Querendo finalizar com poesia e algo do que vivi, fiz uma leitura dramática de "Velhas árvores" de Olavo Bilac, poema que marcou um momento de crise meu. A finitude e o ridículo do palhaço, o sorriso (mas também a lágrima) que tive (e quis despertar) e a importância do instante se aglutinam nesse poema - entenderão porque quando compartilhar o vídeo da declamação.

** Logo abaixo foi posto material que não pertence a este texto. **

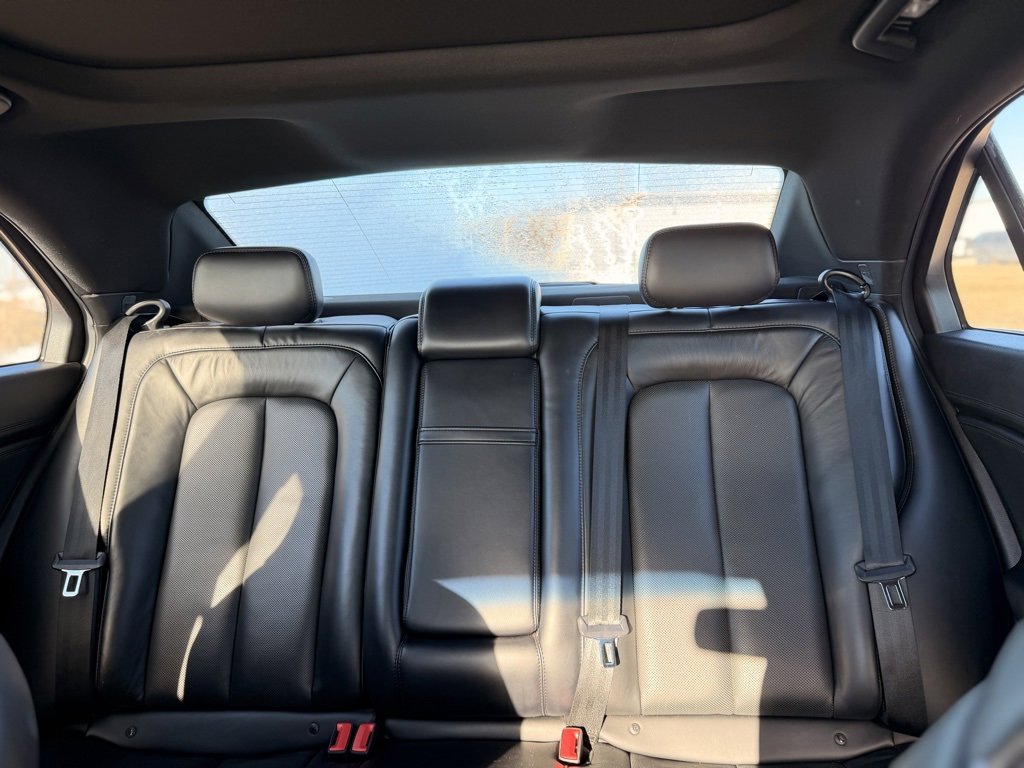 Used 2019 Lincoln Continental Select w/ Continental Climate Package image 10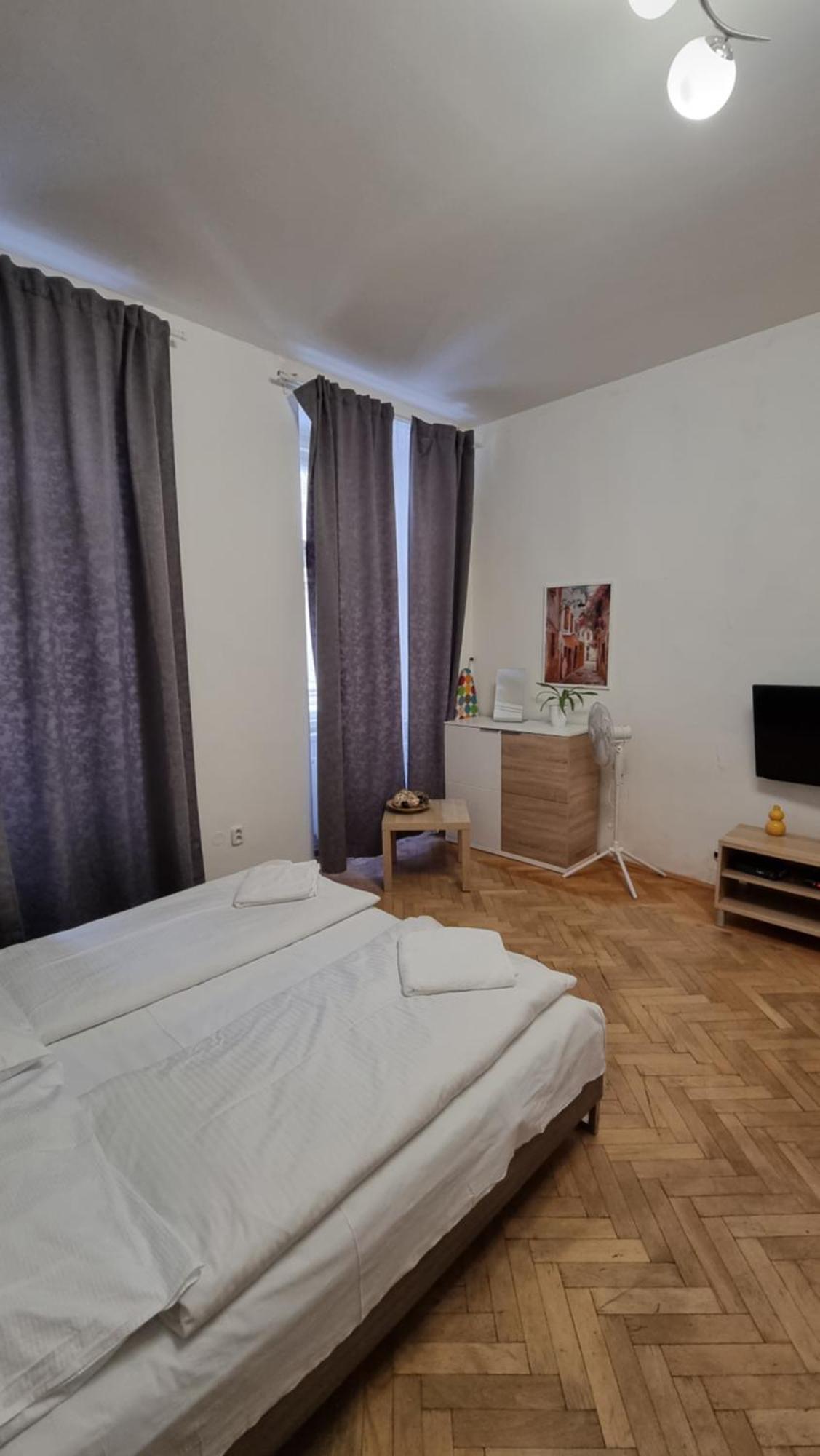 Apartment Krakovska 20 ปราก ภายนอก รูปภาพ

No momento anexo de perguntas me vali das reflexões de Edgar Morin e seu Pensamento Complexo ("Ciência com Consciência" e "Introdução ao Pensamento complexo"), da autoridade de Nise da Silveira e sua paixão por Espinosa em seu "Cartas à Spinosa", bem como das referências superficiais à "Ética segundo o método dos geômetras" de Spinoza, enriquecidos pelos comentários que venho ouvindo do filósofo Luc Ferry (Descartes - Spinoza - Leibniz l'Oeuvre Philosophique) e do desenvolvimento e atualização da teoria de Spinoza para nossos contextos contemporâneos de sentimento e razão feitos pelo filósofo André Comte-Sponville, em várias de suas obras.